In December 2010, the Bridge Enterprise issued $300 million in federally subsidized Build America Bonds.   Late 2010 was an unusually favorable time for this issuance.   Due to the economic recession, construction costs were substantially lower than normal. Further, this timing allowed CDOT to take advantage of expiring Build America Bonds (BABs)--a short-term bond program authorized by the American Recovery and Reinvestment Act.

The decision to issue bonds has costs and benefits. The costs are represented by interest payments ($272.7 million over thirty years).  The Enterprise will pay $11.7 million annually in interest between FY 2011-12 and FY 2024-25, at which point the Enterprise will begin to repay principal, causing interest payments between FY 2025-26 and FY 2040-41 to decrease gradually to $483,000 in FY 2040-41. Despite these costs, the benefits of Bridge Enterprise bond issuance are significant.  These benefits include:

Accelerated Bridge Repair and Replacement

The primary purpose for the creation of the Bridge Enterprise under FASTER was to quickly eliminate critical safety hazards to the traveling public.   Bonding allows the Bridge Enterprise program to accelerate the completion of multiple bridges in a compressed amount of time—with the priority being to address the worst-rated bridges first.  The Bridge Enterprise estimated that it would be able to repair or replace 40-50 bridges by the end of 2013.  Without bonding, work would have progressed more slowly as it would be limited to the funding available from the yearly collection of bridge safety registration fees.  This pay-as-you-go approach could take 2-3 times longer. 

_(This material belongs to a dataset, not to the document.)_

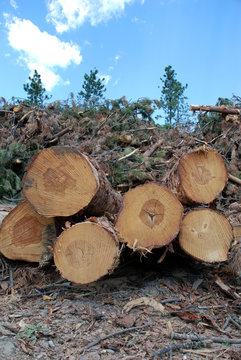 Logging in the Black Hills, South Dakota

Help Stimulating the Colorado Economy while Saving Time and Money

Another goal of the FASTER legislation is to "stimulate economic recovery in the short and medium term.”  The Colorado Bridge Enterprise bond program introduced more dollars into the economy when they were needed most.   In fiscal year 2012 alone, the program spent approximately $140 million in construction-related costs—translating into more jobs and more work for the private sector here in Colorado.

Repairing and replacing more bridges sooner rather than later allowed the Bridge Enterprise to take advantage of historically low construction costs from 2011-2013 (the period of highest construction activity), resulting in significant cost savings.  Further, this approach meant lower maintenance costs in the future and avoiding costs and delays to motorists and businesses associated with closing or weight-restricting poor bridges.

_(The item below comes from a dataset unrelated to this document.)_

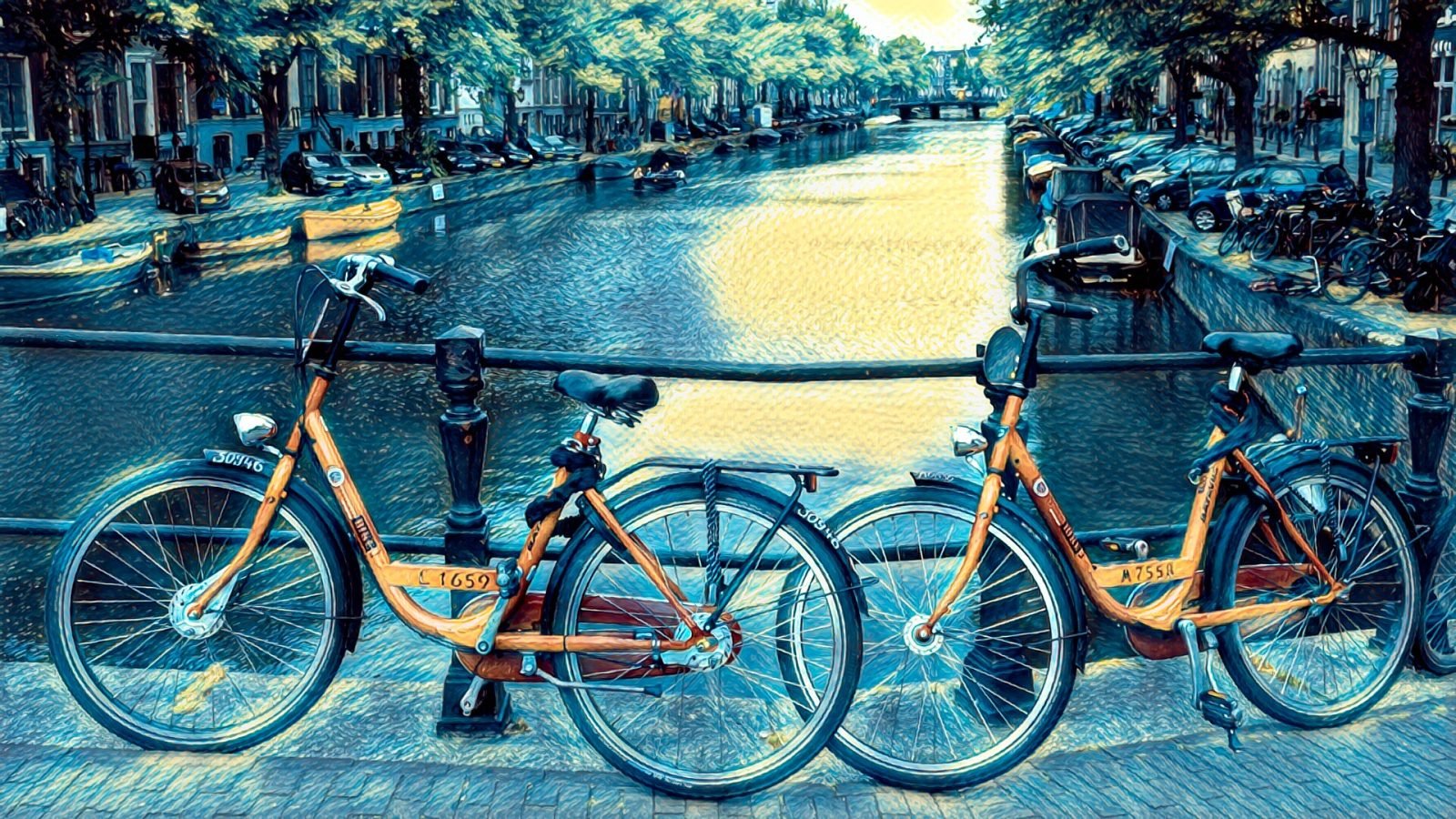 Amsterdam’da bisiklet trafiğine alışmak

Results of the 2010 Bond Program

The total amount of proceeds that were available for projects at the time the bond was issued was $298.14 million, after issuance fees. At the beginning of 2015 the bond program concluded with $307.95 million in total expenditures.  The additional $9.81 million represents interest earned on the bond proceeds while the program was in progress.  The 2010 Bond program resulted in the repair or replacement of 89 bridges throughout the State of Colorado, which significantly exceeded the initial estimate of 40-50 bridges.    

Series 2019A Refunding Bond Issuance

On August 15, 2019, the BE Board of Directors approved a resolution to refund $42.8 million in Series 2010A “Par Call” Bonds prior to maturity to obtain net interest rate savings. In collaboration with the CDOT/BE CFO, the Colorado Attorney General's office, underwriter, financial advisor, and bond counsel, BE staff supported the effort to move forward to market with the refunding bond issuance. The refunding transaction closed on December 3, 2019 and resulted in approximately $5 million in savings on debt service payments.